- Question Answering system and need for Question Classifier
- Data Sources
- Comparing the various approaches
- Implementing the project
In today’s world we rely on technology to find the answer to everything even with basic to no knowledge of coding. This is achieved through Question Answering Systems, which translates user query, often quoted in natural language, into a structured query which can be used to extract relevant information and thus answer the question. Question Answering systems analyse the question for its defining features, retrieve information based on it and then extract the final answer. In this sequence of steps, the most crucial is the question analysis, as that entails extraction of the textual features from the user input and tailoring the answer predication is completely based on it. Question analysis involves of pre-processing the text(noise removal, lexicon normalization) and extracting defining features such as the subject, type of answer expected etc. Question Classifier helps identify the type of answer demanded by a question, for instance a when question will expect a time or date as answer while a where question will expect a location as the answer.

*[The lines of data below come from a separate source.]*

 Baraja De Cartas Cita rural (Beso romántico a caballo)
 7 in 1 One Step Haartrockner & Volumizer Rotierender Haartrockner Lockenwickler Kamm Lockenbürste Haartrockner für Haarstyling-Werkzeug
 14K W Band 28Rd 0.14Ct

The data used is "Experimental Data for Question Classification" by Xin Li and Dan Roth. It can also be found here
I have used TensorFlow's Keras library to explore various text classifications techniques such as DNN, CNN, RNN, LSTM and GRU.

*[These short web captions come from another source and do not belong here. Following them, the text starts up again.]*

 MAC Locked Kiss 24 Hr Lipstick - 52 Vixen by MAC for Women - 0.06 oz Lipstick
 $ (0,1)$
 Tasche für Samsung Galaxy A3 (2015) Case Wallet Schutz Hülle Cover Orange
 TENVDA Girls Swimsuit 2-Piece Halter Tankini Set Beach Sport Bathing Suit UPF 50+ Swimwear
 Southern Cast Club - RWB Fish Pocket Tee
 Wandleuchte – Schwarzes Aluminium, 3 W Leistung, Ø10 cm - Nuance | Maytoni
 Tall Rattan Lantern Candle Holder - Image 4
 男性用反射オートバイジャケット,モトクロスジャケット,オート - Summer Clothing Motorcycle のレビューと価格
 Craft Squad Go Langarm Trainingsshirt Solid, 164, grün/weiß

To implement the project, download the dataset present in the 'Data' folder and open the .ipynb file for the implementation you want to see. The file can be opened in jupyter notebooks. Just select the run all cells option to execute the file. It might take a while to train some of the models. The last cells have some custom statements added to check the prediction on data outside of the test - train sets. You can change the statements or add more to see the model in action.